[[ Records supplied open ]]

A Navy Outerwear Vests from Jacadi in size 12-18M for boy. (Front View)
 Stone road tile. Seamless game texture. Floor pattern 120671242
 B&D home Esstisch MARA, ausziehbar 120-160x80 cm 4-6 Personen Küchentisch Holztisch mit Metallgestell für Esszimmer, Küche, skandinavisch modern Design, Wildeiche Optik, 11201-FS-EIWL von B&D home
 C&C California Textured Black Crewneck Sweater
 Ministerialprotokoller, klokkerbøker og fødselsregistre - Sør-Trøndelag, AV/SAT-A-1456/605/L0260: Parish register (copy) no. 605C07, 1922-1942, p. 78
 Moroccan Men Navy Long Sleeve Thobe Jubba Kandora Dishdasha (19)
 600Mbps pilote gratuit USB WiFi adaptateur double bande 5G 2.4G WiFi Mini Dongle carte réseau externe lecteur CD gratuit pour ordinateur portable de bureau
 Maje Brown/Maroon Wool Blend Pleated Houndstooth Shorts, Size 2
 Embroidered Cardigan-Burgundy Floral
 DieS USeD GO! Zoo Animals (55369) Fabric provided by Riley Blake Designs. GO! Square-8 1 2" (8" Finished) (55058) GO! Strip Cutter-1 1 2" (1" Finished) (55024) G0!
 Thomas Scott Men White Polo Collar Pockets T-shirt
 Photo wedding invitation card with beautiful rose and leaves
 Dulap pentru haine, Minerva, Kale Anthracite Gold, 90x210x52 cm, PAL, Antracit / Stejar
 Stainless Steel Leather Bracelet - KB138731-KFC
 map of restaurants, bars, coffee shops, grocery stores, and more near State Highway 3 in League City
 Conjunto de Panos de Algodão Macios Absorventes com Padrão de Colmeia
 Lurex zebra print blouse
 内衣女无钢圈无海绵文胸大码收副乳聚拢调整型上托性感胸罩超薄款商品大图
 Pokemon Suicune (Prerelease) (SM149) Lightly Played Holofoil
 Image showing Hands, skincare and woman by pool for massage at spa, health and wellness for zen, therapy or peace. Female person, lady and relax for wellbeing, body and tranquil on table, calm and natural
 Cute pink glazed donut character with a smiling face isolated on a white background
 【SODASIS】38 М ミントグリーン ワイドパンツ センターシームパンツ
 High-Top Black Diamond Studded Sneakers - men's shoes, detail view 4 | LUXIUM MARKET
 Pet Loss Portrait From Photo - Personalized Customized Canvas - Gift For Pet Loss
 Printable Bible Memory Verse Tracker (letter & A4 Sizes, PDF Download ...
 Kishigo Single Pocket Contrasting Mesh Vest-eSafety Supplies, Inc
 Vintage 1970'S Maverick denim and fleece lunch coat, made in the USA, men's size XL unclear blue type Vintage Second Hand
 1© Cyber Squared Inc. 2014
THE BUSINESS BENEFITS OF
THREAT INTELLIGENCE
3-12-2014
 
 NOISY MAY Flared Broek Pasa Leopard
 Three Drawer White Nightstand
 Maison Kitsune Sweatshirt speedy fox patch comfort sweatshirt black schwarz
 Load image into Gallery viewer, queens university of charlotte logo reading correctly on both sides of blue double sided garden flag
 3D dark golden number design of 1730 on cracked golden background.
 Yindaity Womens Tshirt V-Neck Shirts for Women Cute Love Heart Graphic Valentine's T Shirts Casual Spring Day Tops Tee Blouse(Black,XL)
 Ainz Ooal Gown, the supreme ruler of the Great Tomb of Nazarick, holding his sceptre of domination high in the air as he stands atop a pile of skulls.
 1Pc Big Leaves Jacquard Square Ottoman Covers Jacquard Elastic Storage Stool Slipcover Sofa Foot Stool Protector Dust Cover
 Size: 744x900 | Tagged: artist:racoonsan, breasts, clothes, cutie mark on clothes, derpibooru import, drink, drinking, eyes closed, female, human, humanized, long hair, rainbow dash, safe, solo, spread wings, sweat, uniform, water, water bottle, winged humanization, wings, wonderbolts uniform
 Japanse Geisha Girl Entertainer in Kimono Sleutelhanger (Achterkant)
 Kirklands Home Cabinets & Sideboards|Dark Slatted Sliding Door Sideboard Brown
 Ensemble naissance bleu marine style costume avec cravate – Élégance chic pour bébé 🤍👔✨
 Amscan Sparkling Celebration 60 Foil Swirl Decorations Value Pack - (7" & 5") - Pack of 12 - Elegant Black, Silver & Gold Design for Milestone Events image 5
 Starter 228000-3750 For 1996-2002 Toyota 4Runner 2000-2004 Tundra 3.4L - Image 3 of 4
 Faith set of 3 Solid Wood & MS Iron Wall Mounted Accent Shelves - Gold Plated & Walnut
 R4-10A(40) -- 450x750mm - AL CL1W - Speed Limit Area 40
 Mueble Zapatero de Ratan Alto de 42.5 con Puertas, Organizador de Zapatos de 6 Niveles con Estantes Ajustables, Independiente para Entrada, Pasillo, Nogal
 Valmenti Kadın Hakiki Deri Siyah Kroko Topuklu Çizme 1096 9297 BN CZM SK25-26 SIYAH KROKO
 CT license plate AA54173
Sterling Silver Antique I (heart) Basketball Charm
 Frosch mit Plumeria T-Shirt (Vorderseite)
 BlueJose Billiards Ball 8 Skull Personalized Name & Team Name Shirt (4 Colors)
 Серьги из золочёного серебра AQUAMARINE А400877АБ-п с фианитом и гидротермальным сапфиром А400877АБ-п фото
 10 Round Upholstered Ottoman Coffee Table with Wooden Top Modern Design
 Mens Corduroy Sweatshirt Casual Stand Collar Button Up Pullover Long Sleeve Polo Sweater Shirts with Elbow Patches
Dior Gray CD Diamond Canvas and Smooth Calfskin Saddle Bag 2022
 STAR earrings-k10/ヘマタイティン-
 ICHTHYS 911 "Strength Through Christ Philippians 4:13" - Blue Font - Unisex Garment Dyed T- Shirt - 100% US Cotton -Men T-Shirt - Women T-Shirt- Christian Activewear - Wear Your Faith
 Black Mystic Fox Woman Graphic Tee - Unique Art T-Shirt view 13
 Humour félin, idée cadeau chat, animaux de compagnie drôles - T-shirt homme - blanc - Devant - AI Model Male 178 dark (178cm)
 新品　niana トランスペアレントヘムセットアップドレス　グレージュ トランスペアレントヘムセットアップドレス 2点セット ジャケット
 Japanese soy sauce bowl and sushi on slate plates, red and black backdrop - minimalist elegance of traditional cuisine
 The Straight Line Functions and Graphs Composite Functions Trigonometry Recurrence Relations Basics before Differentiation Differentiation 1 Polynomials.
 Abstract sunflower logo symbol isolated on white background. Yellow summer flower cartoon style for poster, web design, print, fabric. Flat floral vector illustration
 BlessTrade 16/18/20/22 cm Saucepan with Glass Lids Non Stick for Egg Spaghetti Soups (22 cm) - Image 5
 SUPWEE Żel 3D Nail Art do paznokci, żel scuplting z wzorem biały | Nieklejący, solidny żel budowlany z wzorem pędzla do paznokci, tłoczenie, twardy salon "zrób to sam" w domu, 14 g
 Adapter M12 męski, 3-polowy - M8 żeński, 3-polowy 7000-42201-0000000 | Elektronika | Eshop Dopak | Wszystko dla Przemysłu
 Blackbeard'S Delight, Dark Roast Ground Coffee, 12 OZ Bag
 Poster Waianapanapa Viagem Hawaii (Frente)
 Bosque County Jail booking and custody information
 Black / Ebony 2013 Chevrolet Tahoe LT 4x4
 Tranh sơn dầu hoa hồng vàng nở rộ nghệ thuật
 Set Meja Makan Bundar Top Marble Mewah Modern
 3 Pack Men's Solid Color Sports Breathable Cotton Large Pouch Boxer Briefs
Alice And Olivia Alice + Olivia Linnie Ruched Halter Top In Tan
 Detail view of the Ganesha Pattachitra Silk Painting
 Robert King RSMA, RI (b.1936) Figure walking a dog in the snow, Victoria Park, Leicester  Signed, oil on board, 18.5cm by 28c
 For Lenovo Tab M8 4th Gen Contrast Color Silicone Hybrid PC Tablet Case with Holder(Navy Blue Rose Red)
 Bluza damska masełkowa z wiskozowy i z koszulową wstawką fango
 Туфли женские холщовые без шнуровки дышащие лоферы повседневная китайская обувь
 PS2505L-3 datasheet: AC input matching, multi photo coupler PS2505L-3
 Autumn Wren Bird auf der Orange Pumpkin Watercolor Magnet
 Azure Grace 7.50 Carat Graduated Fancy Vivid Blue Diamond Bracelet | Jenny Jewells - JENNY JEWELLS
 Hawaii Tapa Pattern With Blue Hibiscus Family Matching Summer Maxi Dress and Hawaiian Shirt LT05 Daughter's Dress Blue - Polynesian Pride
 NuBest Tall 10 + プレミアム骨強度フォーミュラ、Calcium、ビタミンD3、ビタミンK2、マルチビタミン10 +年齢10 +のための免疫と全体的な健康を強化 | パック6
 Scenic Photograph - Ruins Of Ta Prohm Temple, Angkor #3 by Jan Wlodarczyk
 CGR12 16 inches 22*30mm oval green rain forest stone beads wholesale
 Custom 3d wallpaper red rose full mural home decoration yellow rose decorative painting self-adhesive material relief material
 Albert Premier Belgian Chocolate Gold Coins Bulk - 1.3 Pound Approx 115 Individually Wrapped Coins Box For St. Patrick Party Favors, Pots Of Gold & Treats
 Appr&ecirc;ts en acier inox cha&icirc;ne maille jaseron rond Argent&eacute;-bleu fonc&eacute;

[[ Records supplied closed ]]

*What is needed:*
Among the entries above, the line containing "Stainless Steel Leather", the line containing "Pokemon Suicune (Prerelease)", and all lines between them are to be restated word for word; nothing else belongs in the reply.

*Result for this task:*
 Stainless Steel Leather Bracelet - KB138731-KFC
 map of restaurants, bars, coffee shops, grocery stores, and more near State Highway 3 in League City
 Conjunto de Panos de Algodão Macios Absorventes com Padrão de Colmeia
 Lurex zebra print blouse
 内衣女无钢圈无海绵文胸大码收副乳聚拢调整型上托性感胸罩超薄款商品大图
 Pokemon Suicune (Prerelease) (SM149) Lightly Played Holofoil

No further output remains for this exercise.